Re: Multipath failover handling (Was: Re: 2.6.24-rc3-mm1)

Mike Christie <michaelc@xxxxxxxxxxx> · Mon, 07 Jan 2008 12:24:35 -0600

James Bottomley wrote:
However, there's still devloss_tmo to consider ... even in
multipath, I don't think you want to signal path failure until
devloss_tmo has fired otherwise you'll get too many transient up/down
events which damage performance if the array has an expensive failover
model.

Yes. But currently we have a very high failover latency as we always have
to wait for the requeued commands to time-out.
Hence we're damaging performance on arrays with inexpensive failover.

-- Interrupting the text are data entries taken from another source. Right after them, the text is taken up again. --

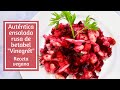 Auténtica ensalada rusa de betabel &quot;Vinegrét&quot; (Receta vegana)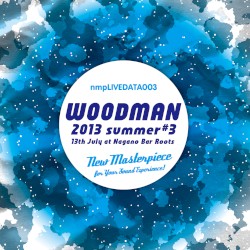 2013 summer #3 / 13th July at Nagano Bar Roots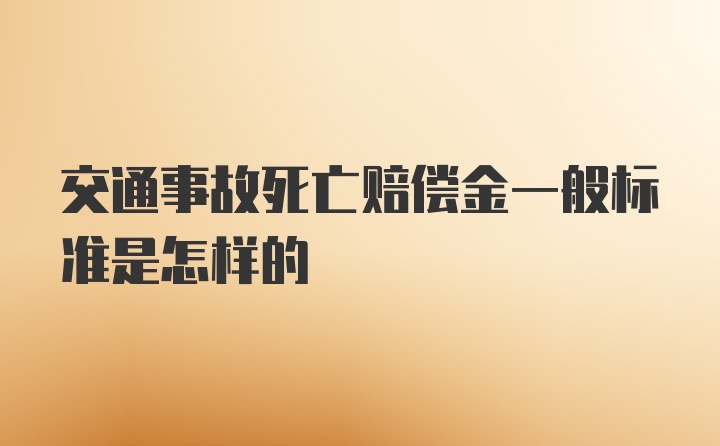 交通事故死亡赔偿金一般标准是怎样的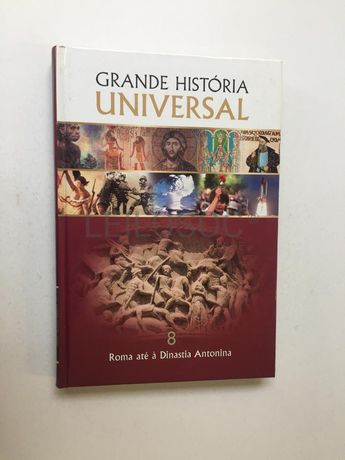 Grande História Universal 8 - Roma até à Dinastia Antonina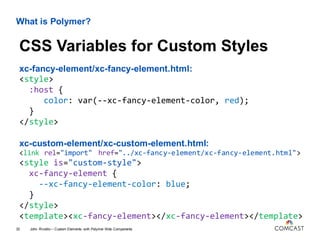 What is Polymer?
xc-fancy-element/xc-fancy-element.html:
<style>
:host {
color: var(--xc-fancy-element-color, red);
}
</style>
xc-custom-element/xc-custom-element.html:
<link rel="import" href="../xc-fancy-element/xc-fancy-element.html">
<style is="custom-style">
xc-fancy-element {
--xc-fancy-element-color: blue;
}
</style>
<template><xc-fancy-element></xc-fancy-element></template>
John Riviello – Custom Elements with Polymer Web Components33
CSS Variables for Custom Styles
 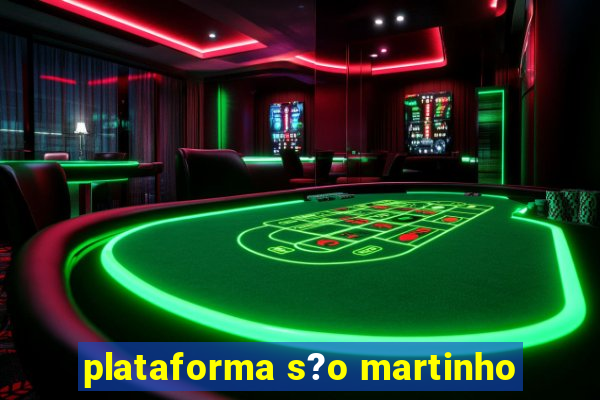 plataforma s?o martinho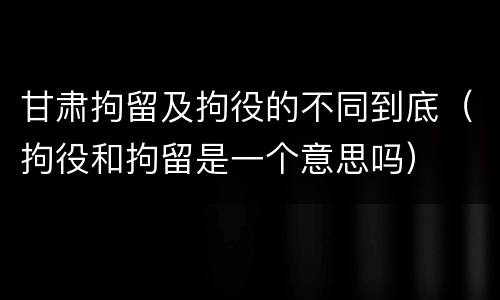 甘肃拘留及拘役的不同到底（拘役和拘留是一个意思吗）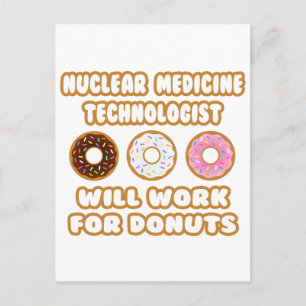 Nucleaire Med Tech.. Zal werken voor donuts Briefkaart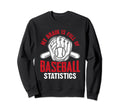 Baseball Mom Meme Sweatshirt - Fun Novelty Design for Adults - T-Shirt, Sweatshirt, Hoodie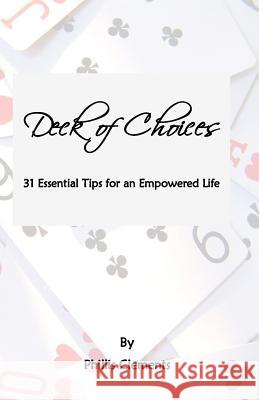 Deck of Choices - 31 Essential Tips for an Empowered Life Phillis Clements 9781517631901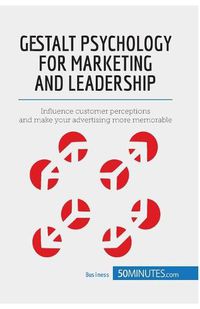 Cover image for Gestalt Psychology for Marketing and Leadership: Influence customer perceptions and make your advertising more memorable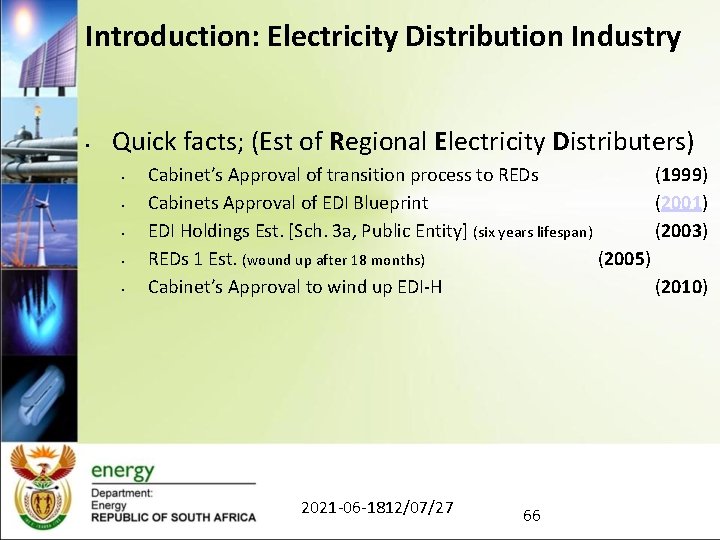 Introduction: Electricity Distribution Industry • Quick facts; (Est of Regional Electricity Distributers) • •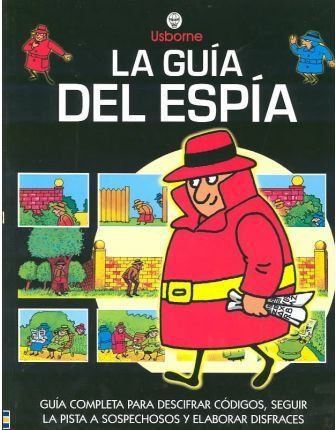 Usborne LA Guia Del Espia (Spanish Edition) (9780746038888) by Sims, L.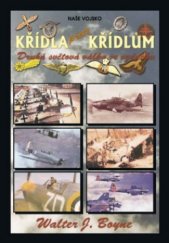 kniha Křídla proti křídlům letectvo ve druhé světové válce, Naše vojsko 1996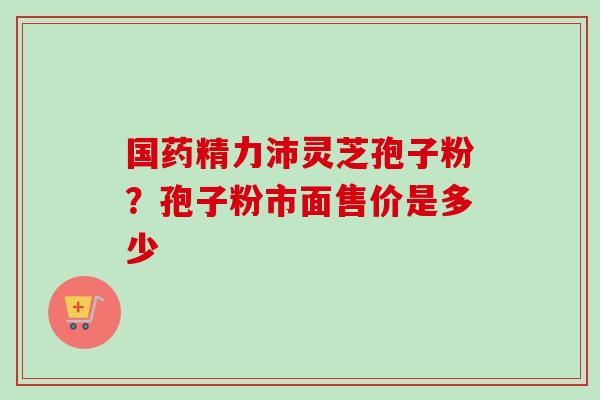 国药精力沛灵芝孢子粉？孢子粉市面售价是多少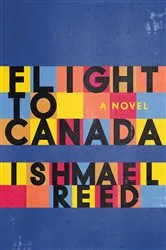 Book cover of Flight to Canada by Ishmael Reed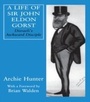 Cover: A Life of Sir John Eldon Gorst - Routledge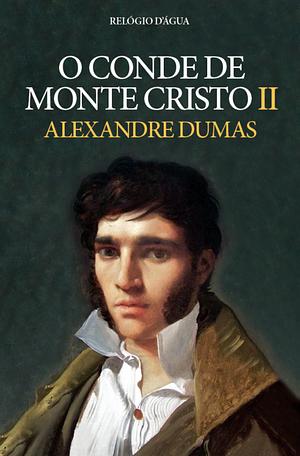 O Conde de Monte Cristo II by Alexandre Dumas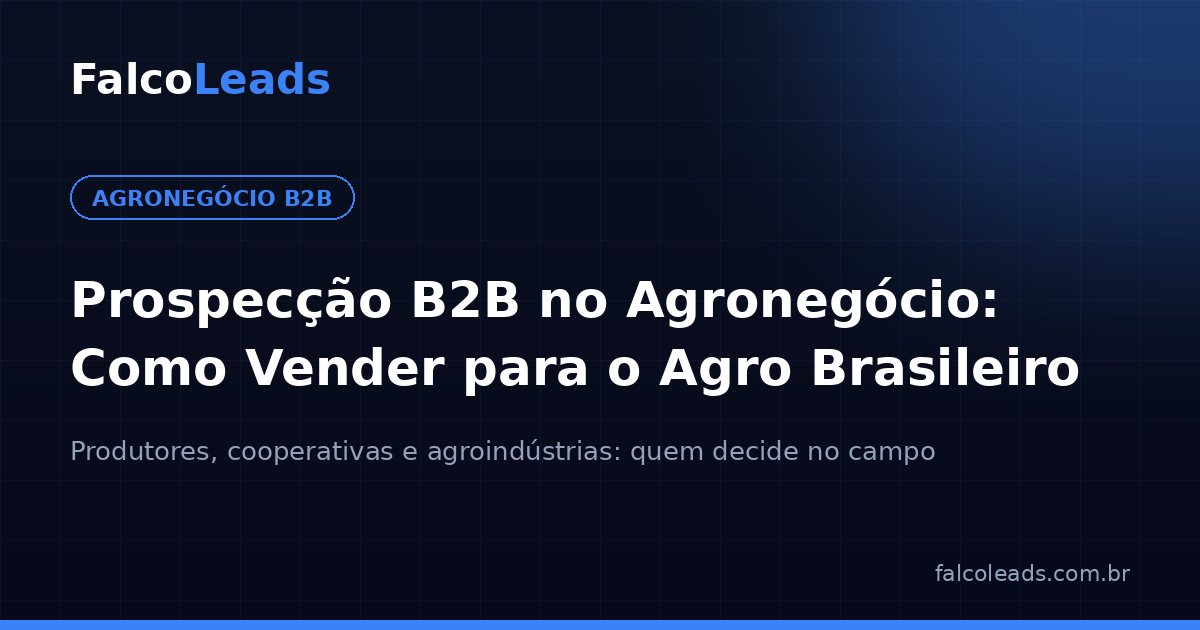 Prospecção B2B no agronegócio — como vender para produtores, cooperativas e agroindústrias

If it's a either/or choice between the two that's showing our current
approach to multi-path is broken.

The other problem is what to do with in-flight commands at the time the
link went down.  With your current patch, they're still stuck until they
time out ... surely there needs to be some type of recovery mechanism
for these?

Well, the in-flight commands are owned by the HBA driver, which should
have the proper code to terminate / return those commands with the
appriopriate codes. They will then be rescheduled and will be caught
like 'normal' IO requests.

But my point is that if a driver goes blocked, those commands will be
forced to wait the blocked timeout anyway, so your proposed patch does
nothing to improve the case for dm anyway ... you only avoid commands
stuck when a device goes blocked if by chance its request queue was
empty.

How about my patches to use new transport error values and make the 
iscsi and fc behave the same.

The problem I think Hannes and I are both trying to solve is this:

1. We do not want to wait for dev_loss_tmo seconds for failover.

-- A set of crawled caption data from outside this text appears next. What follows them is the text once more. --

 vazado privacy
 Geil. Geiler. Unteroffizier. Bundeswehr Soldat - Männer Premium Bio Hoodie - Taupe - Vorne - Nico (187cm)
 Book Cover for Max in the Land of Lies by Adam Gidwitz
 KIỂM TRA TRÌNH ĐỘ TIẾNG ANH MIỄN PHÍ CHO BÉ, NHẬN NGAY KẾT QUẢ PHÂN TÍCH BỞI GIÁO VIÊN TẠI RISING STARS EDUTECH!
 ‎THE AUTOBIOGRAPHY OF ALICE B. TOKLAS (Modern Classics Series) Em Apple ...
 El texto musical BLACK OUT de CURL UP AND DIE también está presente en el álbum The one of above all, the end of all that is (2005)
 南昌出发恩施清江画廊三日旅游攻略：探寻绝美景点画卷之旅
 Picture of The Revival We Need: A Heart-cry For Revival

2. The FC drivers can hook into fast_io_fail_tmo related callouts and 
with that set that tmo to a very low value like a couple of seconds if 
they are using multipath, so failovers are fast. However, there is a bug 
with where when the fast_io_fail_tmo fires requests that made it to the 
driver get failed and returned to the multipath layer, but commands in 
the blocked request queue are stuck in there until dev_loss_tmo fires.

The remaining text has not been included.